岩手県訪問
平成29年12月20日、安倍総理は、岩手県を訪問しました。
総理は、山田町で、本年7月に営業を再開した鯨と海の科学館を訪問し、展示内容を視察しました。その後、大槌(つち)町の県立大槌高等学校を訪問し、地域の復興に貢献するために活動している高校生を激励しました。続いて釜石市の釜石地方森林組合を訪問し、地域の素材をいかしたものづくりを視察しました。
視察後、総理は次のように述べました。
「今回は、岩手県の津波で大きな被害を受けた地域を視察いたしました。あの震災から来年の3月11日で丸7年が経過しようとしています。復興は道半ばではありますが、この約7年間たゆまずに復興に向けて努力を重ねてきた地域の皆さんの意欲によって、間違いなく復興は進んでいます。今回も、地域の皆さんの復興に向けた力強さと熱意を感じることができました。
山田町においては、町のシンボルを何とか復活させようと、地元の皆さん、スタッフやあるいはボランティアの皆さんの貢献によって、とうとうこの鯨館が開館に至りました。世界で最も大きいと言われているマッコウクジラの標本を、是非多くの皆さんに見に来ていただきたいと思いました。
また大槌高校においては、避難所として町の皆さんを受け入れ、そして高校生の皆さんが避難所を運営するスタッフとして、自分たちも被災しながらも、その大変な思いの中で一生懸命避難所をより良い環境にするために頑張ってこられた。こういう先輩たちの経験を受け継ぎながら、そしてまたもしものときにいかしていこうということで、復興研究会が立ち上げられて定点観測をしているというお話を伺いました。どのように町が復興しているかということを記録として残していきたいということだったんですが、この町が好きだからと、そういう活動を進めていく上において、動機についてお話を伺いつつ、大変心強く思いました。復興を進めていく上において、この若い皆さんの力は大きな原動力になっていく。卒業してからも町のためにも頑張ってもらいたいと期待しています。
この釜石においては、地域が誇る素材である木と鉄を使って、新しいものづくりの試みがスタートしています。地域の皆さんやあるいは地域以外からやってきた人と知恵を出し合いながら、この地域から新しい生業(なりわい)の芽を伸ばしていきたいという意欲を感じることができました。また、私たちとしても地域の生業である林業の振興に力を入れていきたいと、このように思っています。

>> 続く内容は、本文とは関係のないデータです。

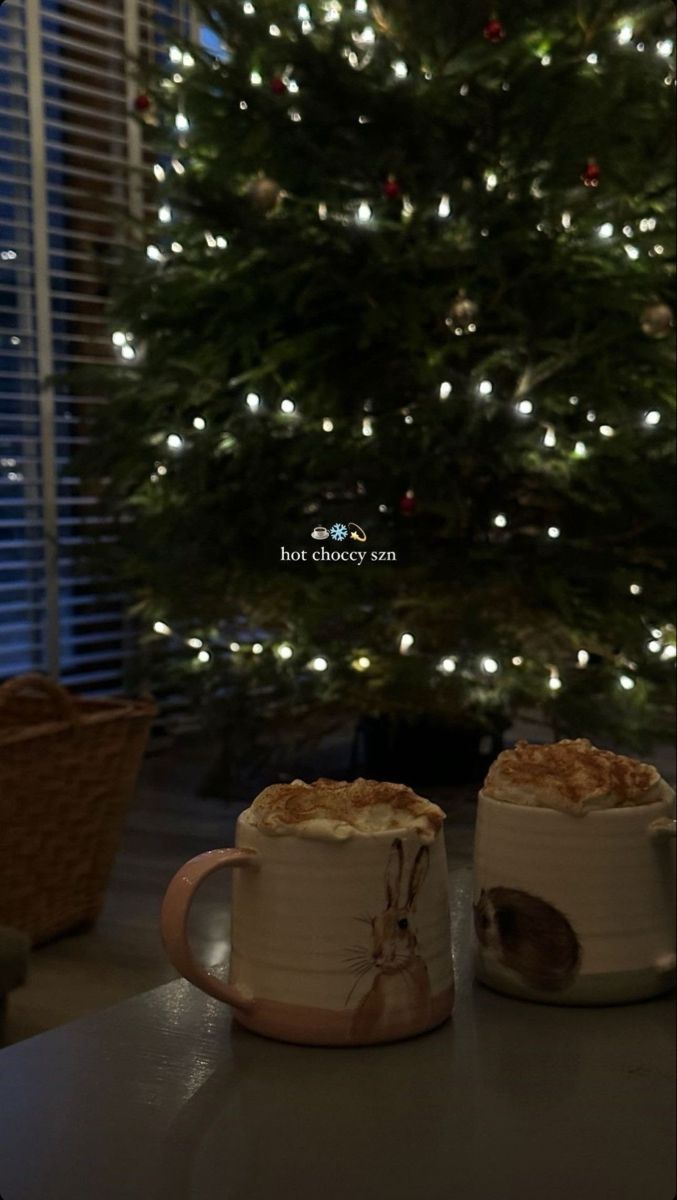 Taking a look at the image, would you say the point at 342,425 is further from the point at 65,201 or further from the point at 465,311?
the point at 465,311

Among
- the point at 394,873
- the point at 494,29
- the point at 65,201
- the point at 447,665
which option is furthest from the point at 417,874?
the point at 494,29

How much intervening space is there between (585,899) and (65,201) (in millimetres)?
326

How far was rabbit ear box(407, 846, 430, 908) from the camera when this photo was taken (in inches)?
14.1

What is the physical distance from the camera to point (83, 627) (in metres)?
0.65

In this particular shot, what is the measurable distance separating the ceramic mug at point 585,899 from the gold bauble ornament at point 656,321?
2.57 ft

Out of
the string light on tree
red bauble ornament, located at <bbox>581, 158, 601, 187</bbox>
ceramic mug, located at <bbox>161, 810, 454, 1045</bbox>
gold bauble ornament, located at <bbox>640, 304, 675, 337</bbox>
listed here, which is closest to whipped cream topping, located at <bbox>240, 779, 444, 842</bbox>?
ceramic mug, located at <bbox>161, 810, 454, 1045</bbox>

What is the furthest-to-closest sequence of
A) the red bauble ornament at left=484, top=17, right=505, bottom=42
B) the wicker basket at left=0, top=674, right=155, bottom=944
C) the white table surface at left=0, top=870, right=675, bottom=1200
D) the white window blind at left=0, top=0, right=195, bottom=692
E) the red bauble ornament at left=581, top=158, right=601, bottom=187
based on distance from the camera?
the wicker basket at left=0, top=674, right=155, bottom=944 < the red bauble ornament at left=581, top=158, right=601, bottom=187 < the red bauble ornament at left=484, top=17, right=505, bottom=42 < the white window blind at left=0, top=0, right=195, bottom=692 < the white table surface at left=0, top=870, right=675, bottom=1200

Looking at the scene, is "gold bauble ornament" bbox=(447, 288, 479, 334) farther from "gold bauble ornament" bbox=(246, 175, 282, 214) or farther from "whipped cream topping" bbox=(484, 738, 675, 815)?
"whipped cream topping" bbox=(484, 738, 675, 815)

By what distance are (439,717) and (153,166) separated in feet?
0.82

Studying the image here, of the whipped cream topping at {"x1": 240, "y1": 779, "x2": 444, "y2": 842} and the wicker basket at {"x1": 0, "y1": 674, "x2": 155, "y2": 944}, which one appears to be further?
the wicker basket at {"x1": 0, "y1": 674, "x2": 155, "y2": 944}

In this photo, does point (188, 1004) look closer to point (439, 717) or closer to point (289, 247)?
point (439, 717)

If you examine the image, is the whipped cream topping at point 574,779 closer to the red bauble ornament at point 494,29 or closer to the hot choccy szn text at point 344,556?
the hot choccy szn text at point 344,556

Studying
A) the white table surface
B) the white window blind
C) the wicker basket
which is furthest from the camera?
the wicker basket

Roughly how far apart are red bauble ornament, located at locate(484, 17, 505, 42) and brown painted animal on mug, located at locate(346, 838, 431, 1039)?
382mm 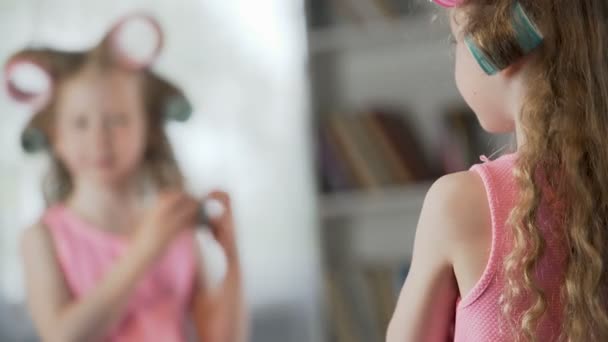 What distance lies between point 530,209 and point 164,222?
30.7 inches

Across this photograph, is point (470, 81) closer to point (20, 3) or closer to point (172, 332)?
point (172, 332)

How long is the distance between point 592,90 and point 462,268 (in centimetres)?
20

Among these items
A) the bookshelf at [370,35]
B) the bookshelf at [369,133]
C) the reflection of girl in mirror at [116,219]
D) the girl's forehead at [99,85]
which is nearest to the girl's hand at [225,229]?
the reflection of girl in mirror at [116,219]

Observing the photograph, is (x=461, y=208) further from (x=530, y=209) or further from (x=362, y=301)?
(x=362, y=301)

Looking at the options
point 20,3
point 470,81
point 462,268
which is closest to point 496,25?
point 470,81

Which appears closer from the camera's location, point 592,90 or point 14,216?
point 592,90

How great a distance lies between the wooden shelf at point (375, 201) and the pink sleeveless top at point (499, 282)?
1.11m

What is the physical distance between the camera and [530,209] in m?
0.80

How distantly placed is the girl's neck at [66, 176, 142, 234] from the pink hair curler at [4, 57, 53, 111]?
0.17 meters

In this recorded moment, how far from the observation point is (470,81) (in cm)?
88

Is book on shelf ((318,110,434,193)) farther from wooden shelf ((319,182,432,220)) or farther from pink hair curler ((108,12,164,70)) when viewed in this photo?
pink hair curler ((108,12,164,70))

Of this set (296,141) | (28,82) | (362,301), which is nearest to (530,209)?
(296,141)

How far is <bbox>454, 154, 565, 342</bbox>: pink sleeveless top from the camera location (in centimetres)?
80

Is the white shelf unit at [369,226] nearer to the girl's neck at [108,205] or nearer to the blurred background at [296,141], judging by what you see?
the blurred background at [296,141]
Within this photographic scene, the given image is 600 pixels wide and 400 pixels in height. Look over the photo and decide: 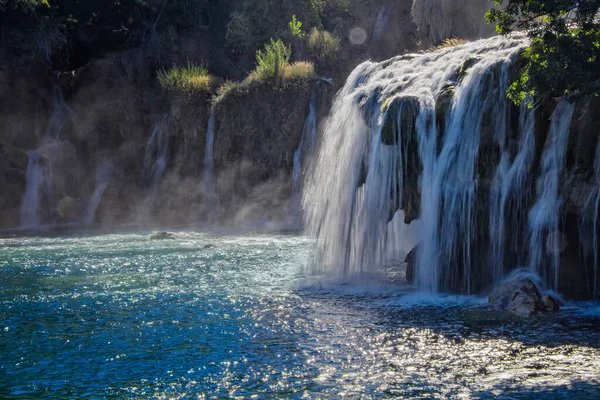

国としても全面的に復興を支援していく。東北の復興なくして日本の再生なし。これが安倍政権の正に基本姿勢でありますが、やはり地域の皆さんの意欲なくしては復興を成し遂げることができないと改めてそのように感じた次第であります。福島を始め様々な課題がありますが、地域の皆さんの気持ちに寄り添いながら全力で復興に向けて努力を重ねていきたいと思います。」